DiffuPath is a scientific software that has been developed in an academic capacity, and thus comes with no warranty or guarantee of maintenance, support, or back-up of data.

References

[1]Domingo-Fernandez, D., Mubeen, S., Marin-Llao, J., Hoyt, C., et al. Hofmann-Apitius, M. (2019). PathMe: Merging and exploring mechanistic pathway knowledge. BMC Bioinformatics, 20:243.
[2]Hoyt, C. T., et al. (2019). Integration of Structured Biological Data Sources using Biological Expression Language. bioRxiv, 631812.
[3]Menche, J., et al. (2015). Disease networks. Uncovering disease-disease relationships through the incomplete interactome. Science, 347(6224), 1257601.
[4]Wishart, D. S., et al. (2018). DrugBank 5.0: a major update to the DrugBank database for 2018. Nucleic Acids Research, 46(D1), D1074–D1082.
[5]Ashburner, M., et al. (2000). Gene ontology: tool for the unification of biology. The Gene Ontology Consortium. Nature Genetics, 25(1), 25–9.

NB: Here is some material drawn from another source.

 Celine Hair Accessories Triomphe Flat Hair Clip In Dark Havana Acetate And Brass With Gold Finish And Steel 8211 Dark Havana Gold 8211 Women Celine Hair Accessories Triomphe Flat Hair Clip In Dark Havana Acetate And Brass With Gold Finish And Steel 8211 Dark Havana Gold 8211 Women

[6]Zhou, X., Menche, J., Barabási, A. L., & Sharma, A. (2014). Human symptoms–disease network. Nature communications, 5(1), 1-10.
[7]Kanehisa, et al. (2017). KEGG: new perspectives on genomes, pathways, diseases and drugs.. Nucleic Acids Res. 45,D353-D361.
[8]Huang, H. Y., et al. (2020). miRTarBase 2020: updates to the experimentally validated microRNA–target interaction database. Nucleic acids research, 48(D1), D148-D154.
[9]Fabregat, A et al. (2016). The Reactome Pathway Knowledgebase. Nucleic Acids Research 44. Database issue: D481–D487.
[10]Kuhn, M., et al. (2016). The SIDER database of drugs and side effects. Nucleic Acids Research, 44(D1), D1075–D1079.
[11]Slenter, D.N., et al. (2017). WikiPathways: a multifaceted pathway database bridging metabolomics to other omics research. Nucleic Acids Research, 46(D1):D661-D667.
[12]Hoyt, C. T., et al. (2017). PyBEL: a Computational Framework for Biological Expression Language. Bioinformatics, 34(December), 1–2.